Saturday, April 28, 2007

Feed My Self Esteem

This was the title of a small exercise we did in Human Relations during my year at college. We had to give a piece of paper with this title to 5 people who were students, and 5 who we knew in other capacities. These are the responses I received in 1996:

NonStudents:

You are to me the picture of cheer. Always willing to help someone in need, even if you are in need yourself. You are always filled with love and kindness. You are the best friend a person could ask for.

John Riutta
Cori is the most empathetic person I have ever known. She never trivializes the problems or pain of another person. This is her most admirable quality and what makes me prooud to call her my friend.
Patty Desjardins (my best friend at the time)
You are the most sensitive person I know, with respect and understanding of people and their problems and you try to keep everyone that you deeply care for happy. You are also very loving and caring person. I see this especially in the way you are with my family (daughter). I am glad to know you and very lucky to have you as a friend.
John Desjardins
Cori is very friendly, easy to talk to and down-to-earth. She seems to be always in a good mood and has a contagious laugh. She is very nice and cares about others. She is a hard worker. All around nice girl.
Jaques Simmard (husband of a classmate)
I really enjoy Cori's positive attitude and great smile. Cori also has a good sense of humour and a very inquisitive nature which I appreciate.
Judy Neville (professor at college)
Students:
Cori is a lovely person to know. She is always very pleasant, helpful, and willing to go that extra mile. I find her contributions in class extremely interesting
Pam Holmes
You are a very nice person. You have a lot of good things going for you. You are easy to get along with and you are easy to talk to.
Cathy Comeau
I find you to be a very positive person. Yoiu always look for the good in someone before the bad. You are always cheerful and happy, and if someone is having a bad day you always try to help them out because you are a compassionate person. I am very happy to have you as a friend. I can trust you with anything, personal or not. You are a great person. Don't ever change.
Tracy Sampson
Cori has a great sense of humour. She is sensitive to others' feelings. Beautiful on the inside and out. She is a supportive, a great listener and is friendly. She is always willing to help others, and is also a great dresser.
Brenda Goldie
You are out-going, very friendly, and very unique. I hope someday that I will be able to speak as well as you do. You are a very likable person!
Debbie Hudson

Friday, April 27, 2007

I Want to be Bold!

So, just driving one day and...

Sidney says: "I want to be Bold!"

"You do? Well that's nice"

"Yeah! I want to have all my hair cut and be BOLD!"

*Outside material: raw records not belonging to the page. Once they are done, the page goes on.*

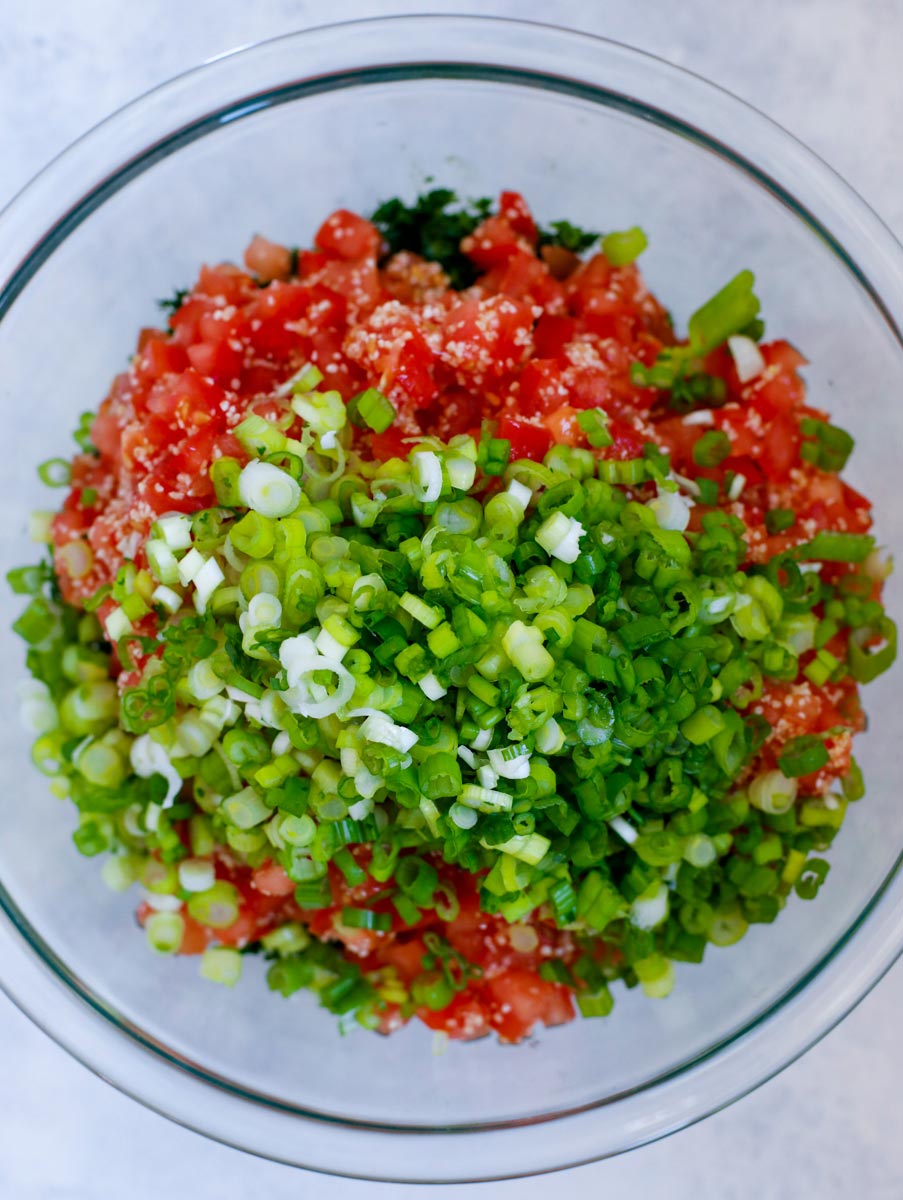 The tabbouleh salad ingredients in a glass bowl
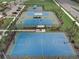 Aerial view of community sports courts, including basketball and tennis courts at 6320 Cliveden Ct, Apollo Beach, FL 33572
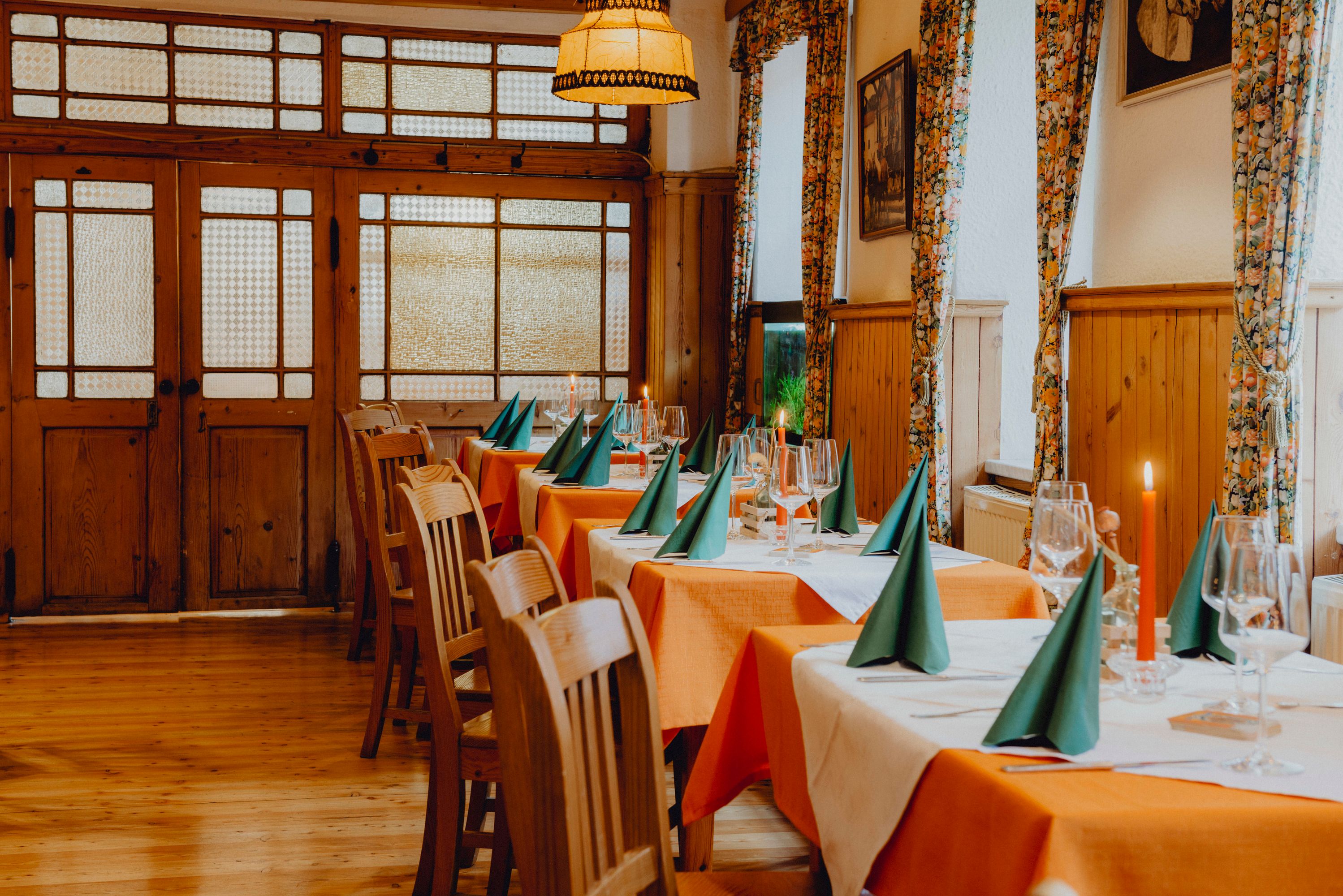 Ein Koch in schwarzer Uniform kocht in einer professionellen Küche mit mehreren Töpfen und Kellen an der Wand.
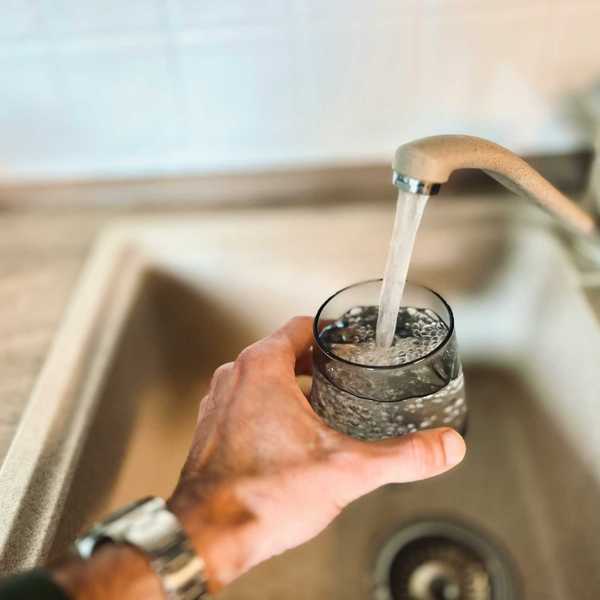 a hand holding a glass of water under running tap from sink.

"Ohhhhh...you want to be BALD!"

"Mama, I want someone to cut all my hair and take it all off so nobody can't wash my hair anymore."

Tuesday, April 24, 2007

Joining the Minions

My name is Corinna, and I am a facebook addict. How do these things happen? What is it that drives us? Curiosity? The fascination with others' lives? Just the chance that you could find someone you would really like to find...

I must check that site at least 5 times a day at work. I am at my desk as we head into the busy season, so I am just there sitting at my desk and then I hear it...

The facebook...it calls to me. It says "check now, you never know, someone you want to hear from may be sending a note or an invite". Man, I don't have time for this! My children need baths and the bathrooms need to be cleaned. My children will be "the smelly kids" at school and my house will rot around me as I surf. Is there some sort of patch I am going to need for this?!

Glorious Creature Comforts

You know what I love? Having my back tickled. My sisters know this all too well. I also love, love, LOVE having someone play with my hair. Hello!!! What could be more relaxing? Lucky for me that Blake is good at this. I think I will keep him...

Monday, April 23, 2007

Little Life Lesson #1

It is interesting that you can see something during childhood which makes no sense at the time. There was a young girl in my apartment building named Billie-Rae (yep, that was her real name) who we used to hang with sometimes. We were standing in her doorway one time waiting for her when I noticed something very odd. There were knives hooked in the burner with the element turned on. I remember thinking "why are they burning their knives?"...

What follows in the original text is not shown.